Não às touradas!

António Revez

Não é difícil simpatizar com Espanha, ou mesmo invejá-la, respeitá-la ou desejar viver lá, por diversas e distintas razões. Uma dessas razões prende-se com a existência de debates públicos e produção legislativa sobre temas, como dizer…, civilizacionais. Questões como os direitos das minorias sexuais e os direitos dos animais têm suscitado no país vizinho uma apaixonada odisseia cidadã de discussão e confronto públicos e dado pretexto à coragem de intelectuais, artísticas e políticos, traduzida na criação de uma legislação avançada e progressista.
O mais recente desses exemplos veio da Catalunha, cuja população reuniu 180 mil assinaturas numa petição contra as touradas.

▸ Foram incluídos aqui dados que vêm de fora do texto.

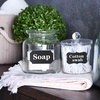 image:imageMr Pen Chalkboard Labels 200 pcs Assorted Shapes  Waterproof Reusable Blackboard Stickers with 1 Erasable Liquid Chalk Marker for Mason Jars100 pcs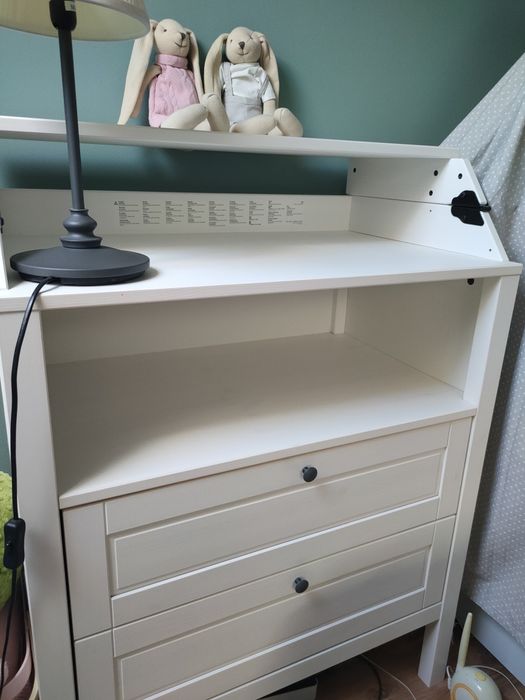 Komoda IKEA z przewijakiem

O Parlamento da região autónoma da Catalunha foi maioritariamente favorável aos argumentos anti-touradas e decretou a abolição das mesmas, com efeitos a partir de Janeiro de 2012.
Ora esta medida ganha ainda mais relevância e alcance, se considerarmos a implantação e enraizamento que as práticas tauromáquicas têm em Espanha. O que demonstra, mais uma vez, que as tradições culturais e identitárias não só não assumem um valor absoluto e intocável, como devem ser relativizadas e até descontinuadas se a elas estiverem agregadas a barbárie, a insensibilidade, a crueldade gratuita e ostensiva.
Pena é, e sabemo-lo, que estes ventos que sopram da vizinhança pouco ou nada incomodem a inércia regional e nacional quanto a estas matérias delicadas. Delicadas porque obrigariam os políticos a tomarem posição, a envolverem-se, a comprometerem-se, ao arrepio do conservadorismo dominante e do provincianismo instalado.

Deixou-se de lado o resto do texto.